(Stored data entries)
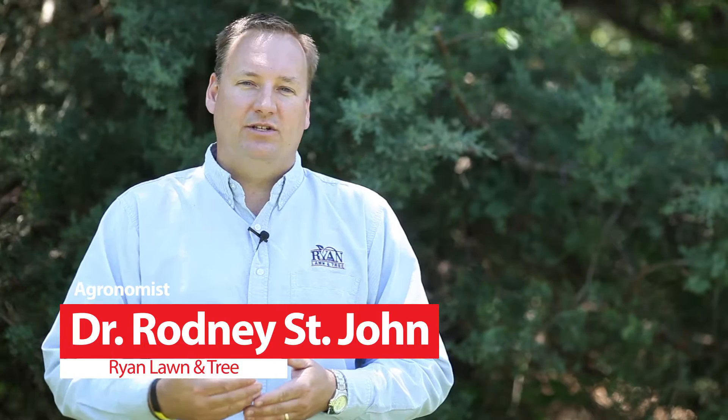Hello, I'm Rodney St. John, agronomist at Ryan Lawn and Tree. Today I'm here to talk to you about Zoysiagrass, specifically dead Zoysiagrass.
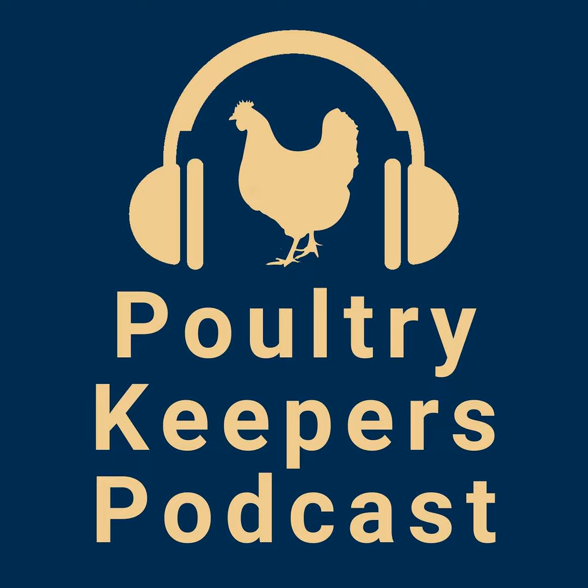Hi there and welcome to another Poultry Keepers podcast. This episode concludes Rhode Island Reds, an American classic. We hope you enjoy our conversation and pick up some good tips on Rhode Island Reds along the way. So let's start where we left off last week.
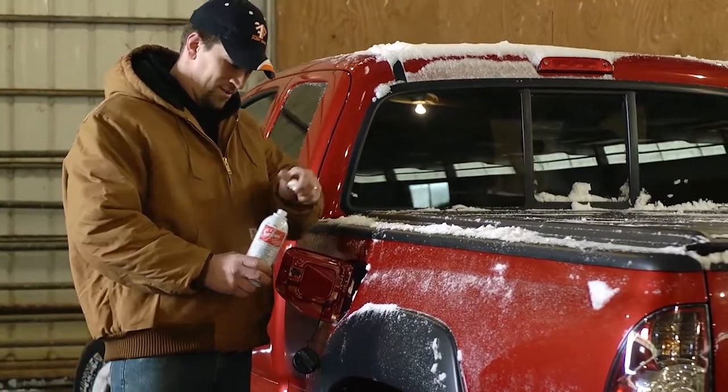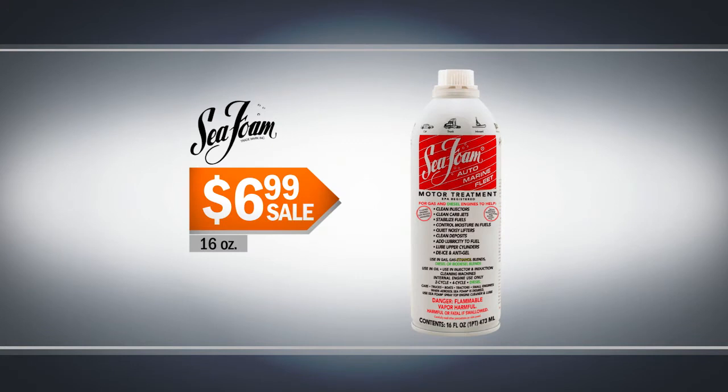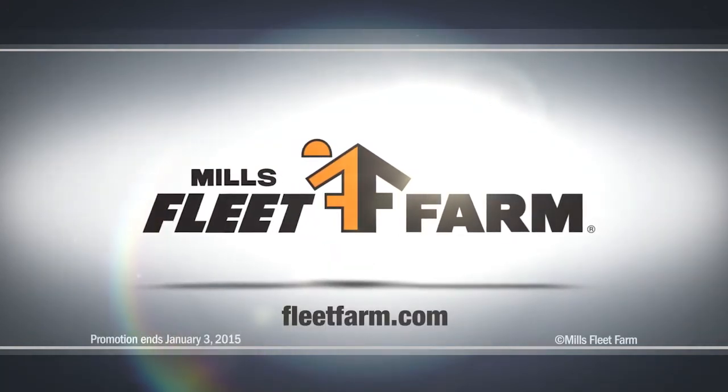Your engine will run cleaner and smoother with Seafoam motor treatment. A 16-ounce can, $6.99. At Mills Fleet Bar. We love it!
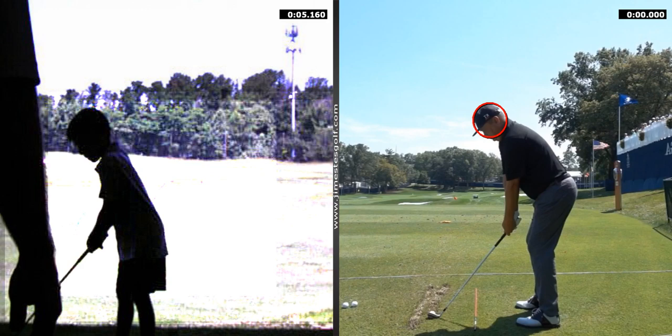When you stand up to the ball, you're going to put your right thumb right here. Take your grip. The ball is going to be opposite your front foot, right across from your front foot. You had the ball in the center — you want to move it forward with this club. This is your driver. You got that?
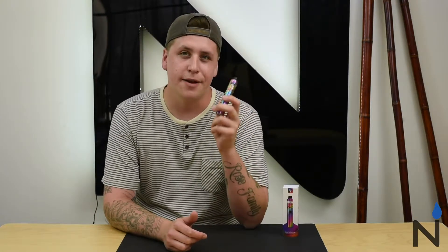All right guys, welcome back to another episode of Unboxed here at the Vapor DNA Studios. Today we're going to be taking a look at the Vaporesso Cascade 1.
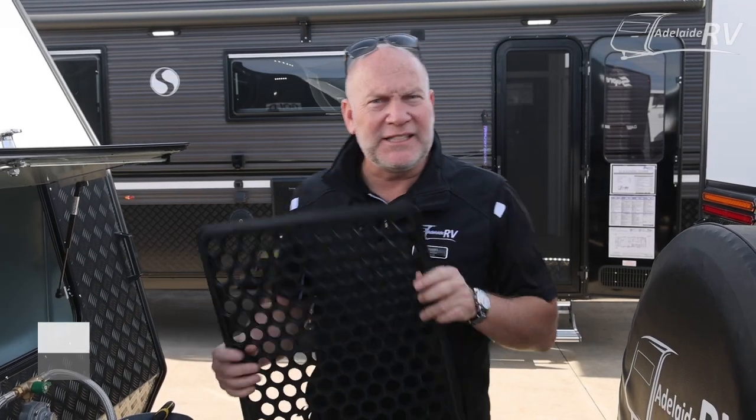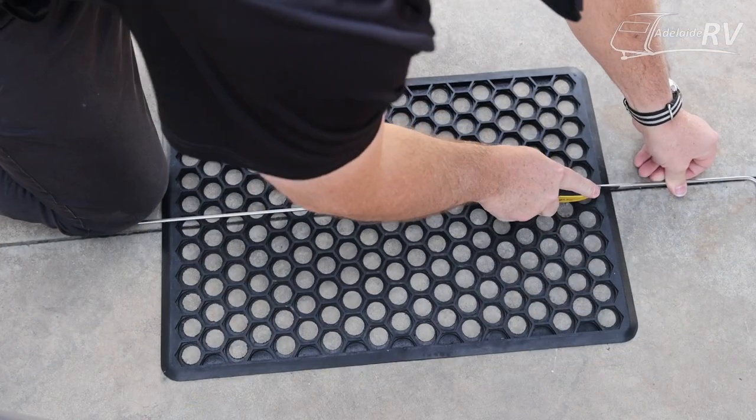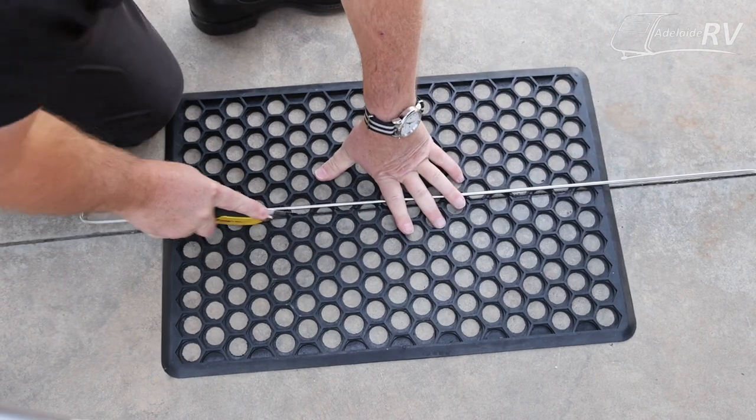Hello everybody. A little tip for people out there that use their tunnel boot, especially Supreme and Leader — the tunnel boot is a wet area. Six dollars at Bunnings, a really decent rubber mat. If you cut it in half and put it down into your boot, typically things will sit on top, won't get wet, makes them more usable.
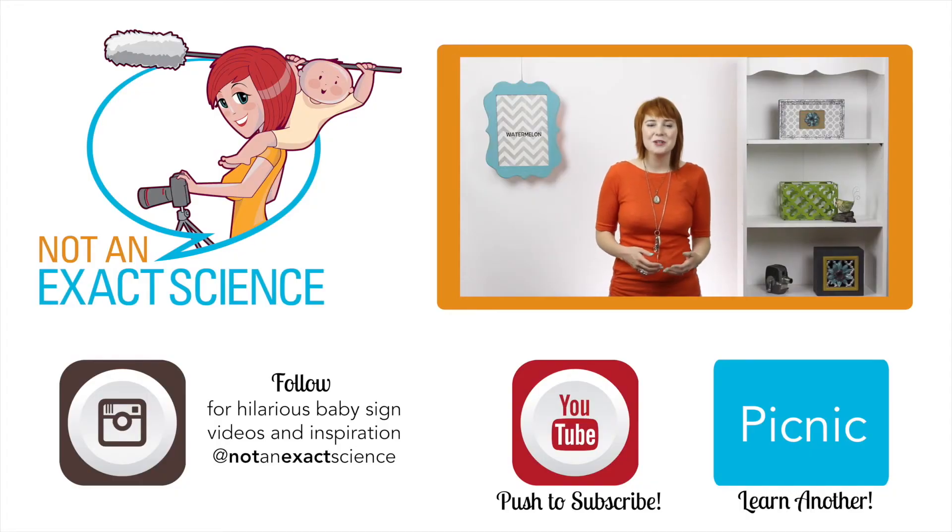If your baby learns the sign for watermelon, then your baby can ask to eat some watermelon. So to teach your baby, before you give your baby some watermelon, you can say, "Oh, would you like some watermelon?" and then give your baby the watermelon. As you're consistent, your baby can make the association and then start signing.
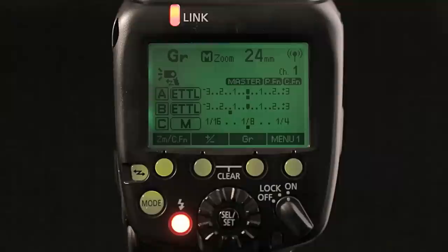You can even tell when each and every Speedlite in each group is fully recycled, because a lightning bolt appears on the master's LCD panel. You can also activate an audible beep tone on the master unit, which will chirp when all the off-camera Speedlites have fully recycled. I like that one.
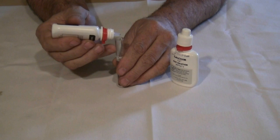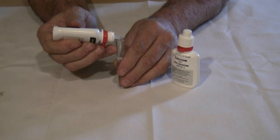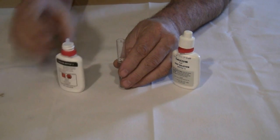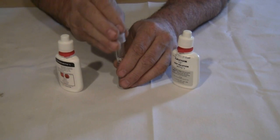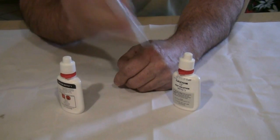One, two, three, four, five, six, seven, eight, nine, ten. After we do that, reseal it and shake vigorously for about ten seconds.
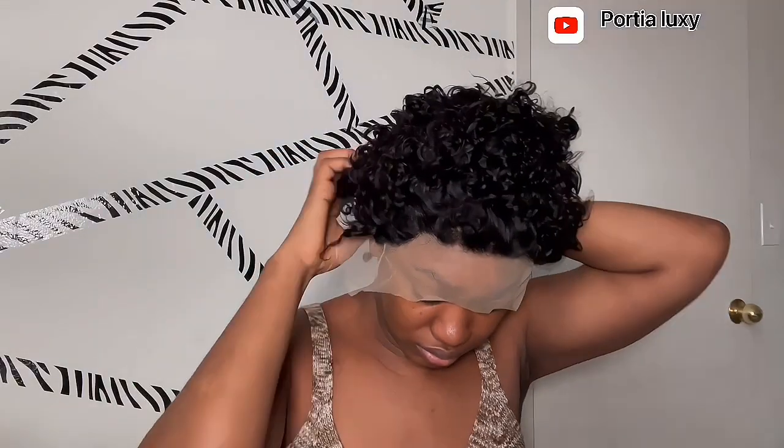So this is me putting it on my head and this is how it looks — it really looks funny, it looks so funny! But yeah, we're gonna work with it. I just love it because it's short and there's so much I can do with this.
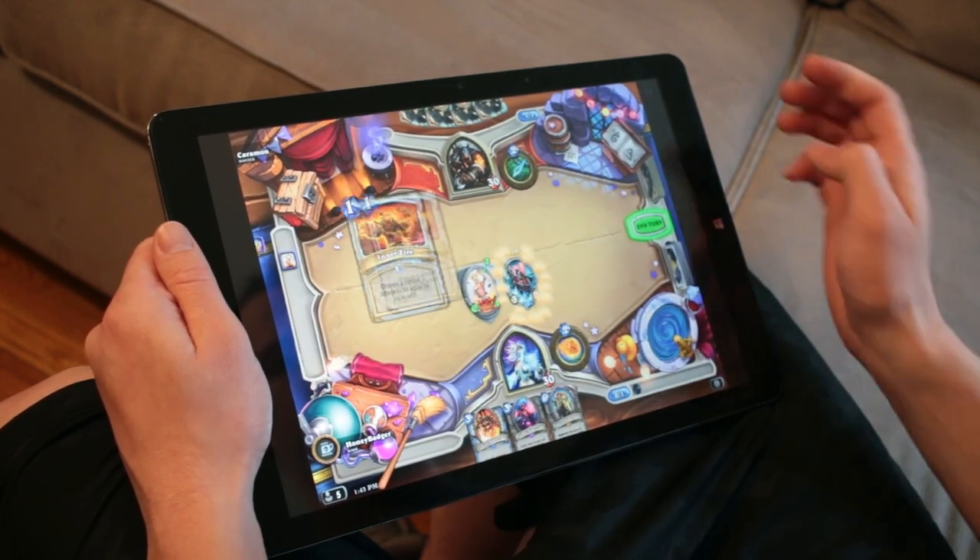If you're looking for a portable device that has internet access, you can browse the web really easily since it's got a big screen. If you want to watch movies on flights and stuff, the big screen is really nice for that and it gets great battery life. So for traveling and on the go, it seems like it would work out quite nicely.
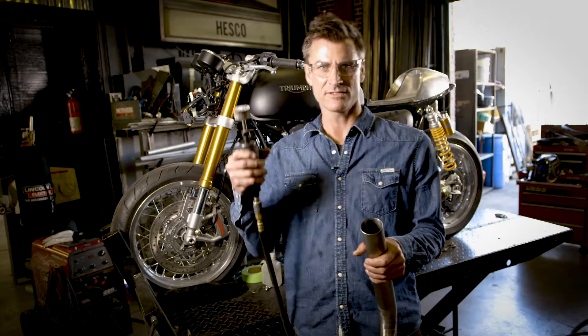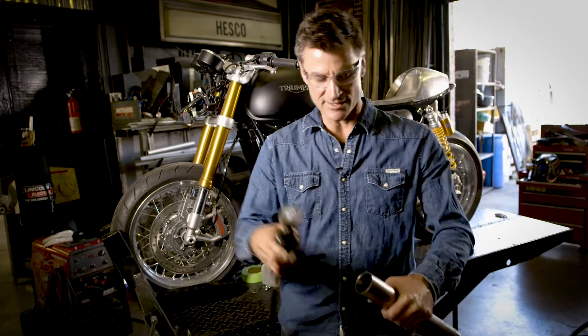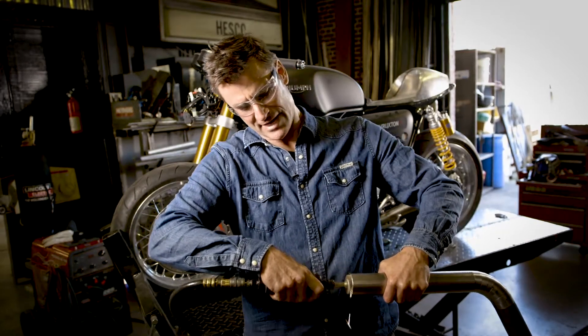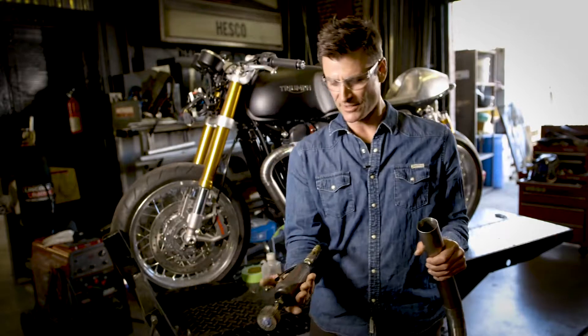One of the things I wanted to show you is a new tool we're using to clean the inside of our pipes. Take an 80 grit flapper disc, put it on our jet die grinder. See those cool titanium sparks — you can see how nicely it cleans the inside without marring it. We've been using these for a long time.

▶ What to produce:
Give again the stretch of lines above from the one with "When you stand" through the one with "Hello everybody. A", both ends kept, and copy no pictures.

▶ Exercise result:
When you stand up to the ball, you're going to put your right thumb right here. Take your grip. The ball is going to be opposite your front foot, right across from your front foot. You had the ball in the center — you want to move it forward with this club. This is your driver. You got that?
All right guys, welcome back to another episode of Unboxed here at the Vapor DNA Studios. Today we're going to be taking a look at the Vaporesso Cascade 1.
Hello everybody. A little tip for people out there that use their tunnel boot, especially Supreme and Leader — the tunnel boot is a wet area. Six dollars at Bunnings, a really decent rubber mat. If you cut it in half and put it down into your boot, typically things will sit on top, won't get wet, makes them more usable.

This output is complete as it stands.